Pierre DESCARGUES, Arts, Préface à la 1re exposition - Paris, décembre 1946

Mentor Blasco habite une maison merveilleuse, moitié théâtre, moitié atelier, non loin du quai de Jemmapes. Et chaque fois que je passe dans ce quartier, un des plus beaux, un des plus étranges de Paris, je pense au jeune peintre qui travaille, qui cherche dans la solitude, loin de toutes les chapelles, groupes et raisons sociales d’une bonne volonté où se mêle presque toujours un dangereux cabotinage.
C’est pour cette intégrité qu’il faut apprécier la peinture de Mentor Blasco. En véritable indépendant, selon un bel orgueil traditionnel, il s’intéresse seulement à ce qui est entre lui et la nature, à cette « liaison » magnifique entre l’artiste et le monde qui aide à vivre les autres hommes.
Ainsi devant la toile blanche ou la page de son carnet de croquis, Mentor Blasco joue franc jeu. Dans la campagne de Solliès Pont ou sur le port de Menton il des défend de jamais tricher avec le paysage ou avec lui-même.
Et puisque en cette première exposition sont rassemblées des œuvres échelonnées dans le temps sur plusieurs périodes de travail, on se doit de remarquer que toutes, aussi bien les plus anciennes que les plus récentes, prouvent une égale rigueur, une égale sensibilité. On sent que chacun de ces tableaux est nourri de longs regards sur les champs, sur les bois d’oliviers, sur les collines, sur le soleil. Pour cette raison il échappe à tout académisme. Une vie vécue intensément est toujours le meilleur garant, le plus solide soutien du talent.
Mentor Blasco s’oriente maintenant vers des recherches de couleurs et de composition, montrant ainsi un autre aspect d’une carrière qui, nous l’espérons, n’a pas fini de se renouveler.
Par la saine joie qui l’anime, par son acuité de vision et surtout par son refus de tout compromis Mentor Blasco est, parmi les jeunes peintres, un de ceux dont nous pouvons attendre une œuvre vraiment digne d’intérêt.

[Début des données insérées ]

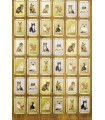 Cat Lovers Wrapping Paper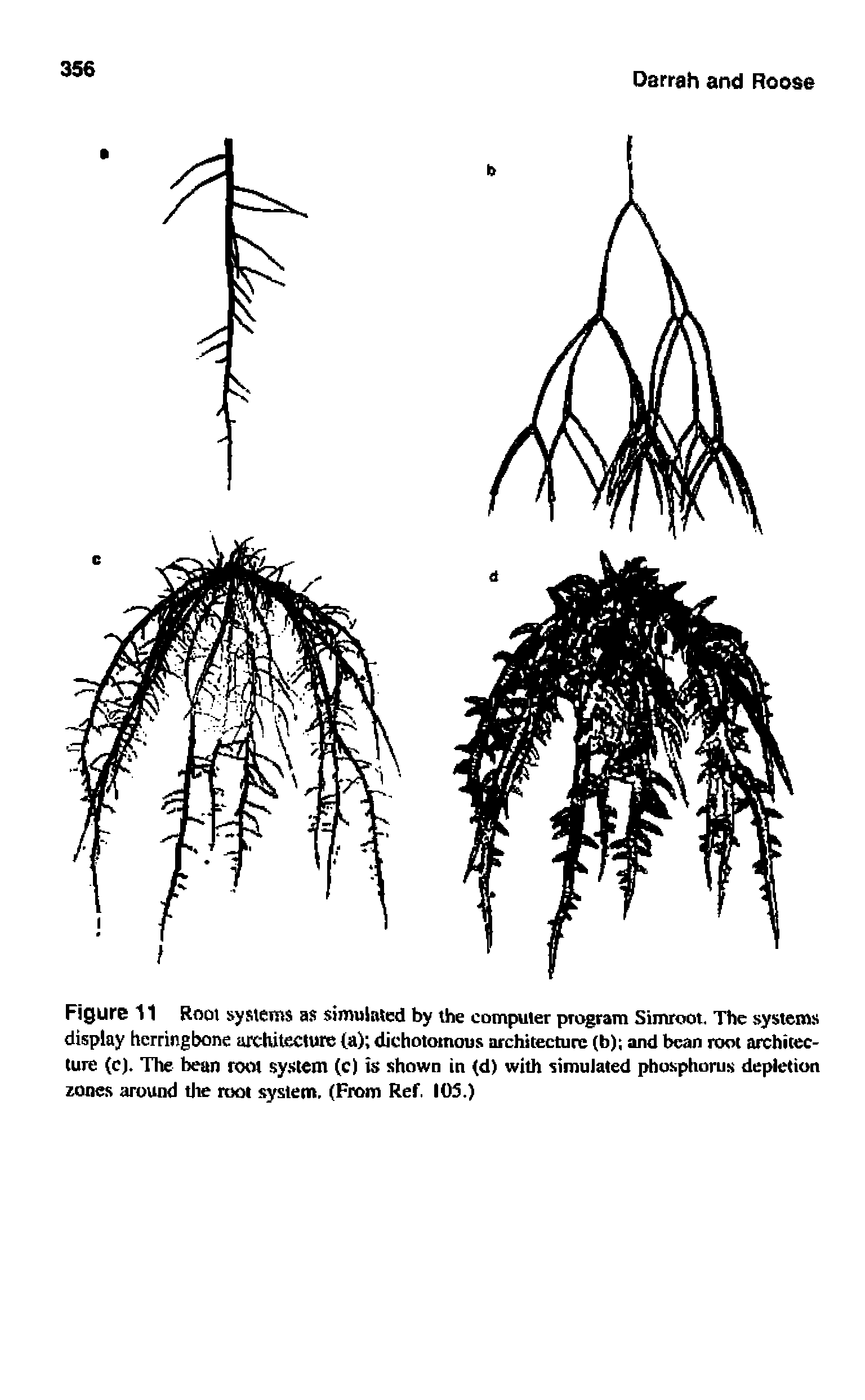 Figure 11 Root systems as simulated by the computer program Simroot. The systems display herriitgbone architecture (a) dichotomous architecture (b) and bean root architecture (c). The bean root system (c) is shown in <d) with simulated phosphorus depletion zones around tlie root system. (From Ref. 105.)...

V. L., Journal de Genève, 26 avril 1949

En pénétrant Galerie Dermes, rue Neuve, on reste comme étourdi par les couleurs vives du peintre Mentor. Ce sont là, en effet, paysages ensoleillés, traités avec une telle hardiesse, avec une si complète ignorance (voulue d’ailleurs) des lois picturales, que l’on en demeure étonné. Pour Mentor, en effet, la vie de la nature se manifeste par une abondance de jaune auquel, comme par fantaisie, les teintes les plus diverses apportent , en chassant la monotonie, une harmonisation assez inattendue.
Ce sont là, arbres balancés par le vent que l’on devine mieux dans son esprit que sur la toile, maisons méridionales accrochées les unes aux autres avec une stabilité précaire et ciels d’une coloration si curieuse que l’on serait presque tentés de croire que Mentor est daltonien.
Pourtant l’œil s’habitue sensiblement à cette lumineuse évocation de la nature et s’il hésite devant les lois de l’équilibre qui n’apparaissent plus avec leur rigidité coutumière, il adopte cependant cette recherche habile des formes et des couleurs.